Épica
Vuelve la épica, y con ella la exaltación de las pasiones. La vida seguramente requiere alguna dosis de ella. Ahora de nuevo los instintos se imponen al coloquio sereno, y resurgen caudillos y banderas, y los gritos ahogan palabras y razones. Banderas y discursos, y grandes concentraciones. El héroe sustituye al escéptico. Cuando la patria se construye desde la épica, siempre acaba, de un modo u otro, creando monstruos, es decir, formas religiosas de identidad. La patria es pura épica.

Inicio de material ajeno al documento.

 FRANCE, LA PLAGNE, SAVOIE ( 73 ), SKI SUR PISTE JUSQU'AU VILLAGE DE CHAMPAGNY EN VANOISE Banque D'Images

¿Quién ha encendido la mecha? Los instintos no entienden de razones. La trampa está tendida. El otro es el extranjero, el bárbaro, el pagano, el opresor, el traidor o el miserable. Hay que doblegarlo. La épica se alimenta de la pasión, no del análisis racional ni de las leyes. Construye un mito idílico. Las ideas son cimientos de piedra y las dudas desaparecen del horizonte humano. Y crece el monstruo. La épica es la espina dorsal de mitos fundacionales y relatos identitarios, de pasados gloriosos e imperios invencibles, epopeya exaltada de viejas glorias que siempre llevan al altar a dioses crueles y caudillos mediocres.
Vuelven los tiempos de épica, exaltación y fervor. Y la épica se engrandece con la ira, el odio y a veces con la sangre. Se esfuman la ideas; la épica es acción. Como la ópera, la opereta y la comedia, la épica muestra facetas delirantes y ridículas de la condición humana. El mundo se hace pequeño, cada vez más pequeño, y la mirada miope deforma la realidad para adaptarla al mundo diminuto. El fervor patrio devora cualquier forma de empatía o compasión. El delirio aniquila cualquier forma de autocrítica. Respeto al otro y autocrítica son atributos de la democracia y formas de la inteligencia humana incompatibles con la épica.
¿Dónde ha quedado el coloquio en el ágora frente a la exaltación imparable de las hordas? El ágora nunca debió convertirse en un circo de bufones y consignas. Y ahora tanta épica desvela nuestra versión más burda, y nos vuelve torpes, brutos, feos. Dejad el griterío. Ha de volver el relato prosaico, la reflexión escéptica, la soledad poética. Sin crítica hacia uno mismo ni respeto hacia el otro, la condición humana se vuelve muy deprimente.